Shame has recently taken over pride in those of us for whom journalism is much more than a way of life, with a scandal involving Cuban professionals at the service of the U.S. press, who were paid off to damage the public opinion on the case of the five Cuban antiterrorists unjustly imprisoned in the U.S. since 1998 with a defamatory campaign prior to their trial, in which they were sentenced to harsh terms in prison.
The public opinion has found out the way the U.S. government used the Broadcasting Board of Governors (BBG) to secretly finance journalists from influential press media in Miami.
These journalists created a hostile environment against Gerardo Hernandez, Rene Gonzalez, Antonio Guerrero, Fernando Gonzalez and Ramon Labañino ––internationally known as the Cuban Five––, who, in addition, were tried in the same city where the right wing terrorist groups they were monitoring are based.

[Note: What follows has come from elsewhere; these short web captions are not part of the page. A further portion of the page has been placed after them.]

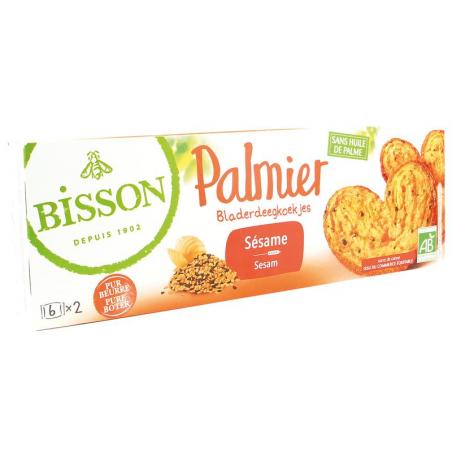 Palmier bladerdeegkoekjes sesam bioKoek3380380082788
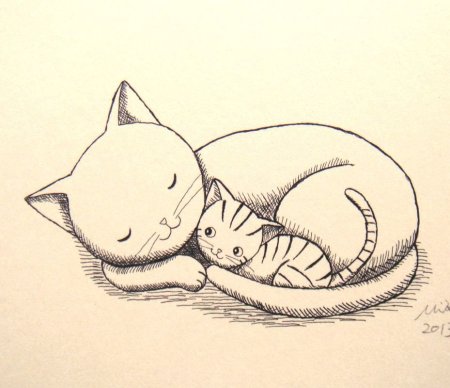 Спящий кот рисунок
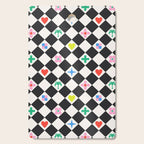 Tropical Vacation Symbols Black and White Harlequin Diamond Grid Cutting Board Gallery Image 1
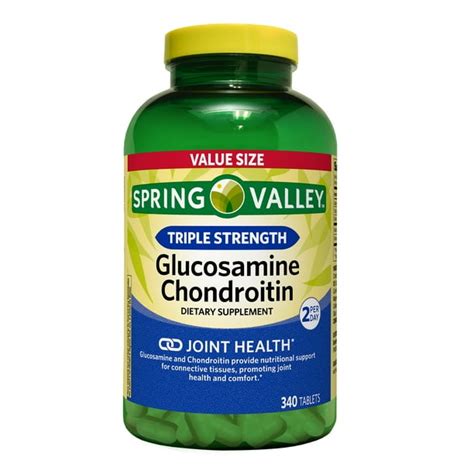 Spring Valley Triple Strength Glucosamine Chondroitin Tablets Dietary Supplement Value Size, 340 ...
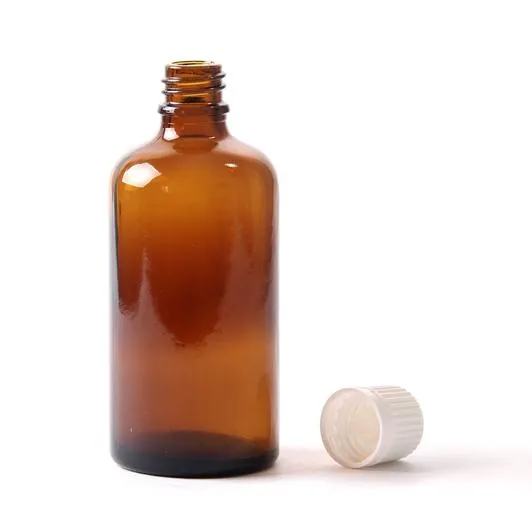 100ml Amber Glass Boston Round Bottle With Tamper Evident Cap (Black or White)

Consequences: they received a biased trial, full of arbitrariness and violations to the U.S. legislation itself.
Most champions of freedom of speech and expression in that country are just mercenaries that respond to the worst interests of anti-Cuban groups based in Florida, whose power is so big that they can even have an effect in the Capitol halls, in Washington.
The “Liberation” newspaper published a contract that relates journalists from several press media in Miami, including Radio and TV Marti, in this scandal; and revealed double-standard principles by these institutions and their staff.
That is the case of reporters of Pablo Alfonso, from The New Herald; and Ariel Remos, from Las Americas newspaper, who played that role during that period in the process of the Cuban Five.
The BBG paid almost 59,000 U.S. dollars to Alfonso for the work he did from November 1999 to December 2001, the period of highest tension in the process of these Cuban antiterrorists.
By August 2007, when the BBG dispensed with his services, Alfonso had received more than 250,000 dollars.
Remo earned 10,400 dollars from November 1999 until February 2001, and almost by the end of 2006 he had been paid a total of 24,350 dollars.
The list is enhanced by other figures from the journalism sector such as Wilfredo Cancio and Olga Connor; as well as Helen Aguirre, Miguel Cossio and terrorist Carlos Alberto Montaner.
The work of these reporters consisted in creating a negative atmosphere against the Cuban Five, which was added to Miami’s usual hostility against everything related to the Cuban Revolution, so as to bring about a biased decision by the jury during the trial of Gerardo, Rene, Antonio, Fernando and Ramon.
Fortunately, there is still an endless list of journalists that defend the cause of these men, hopeful in that justice and reason will prevail over hatred and lies.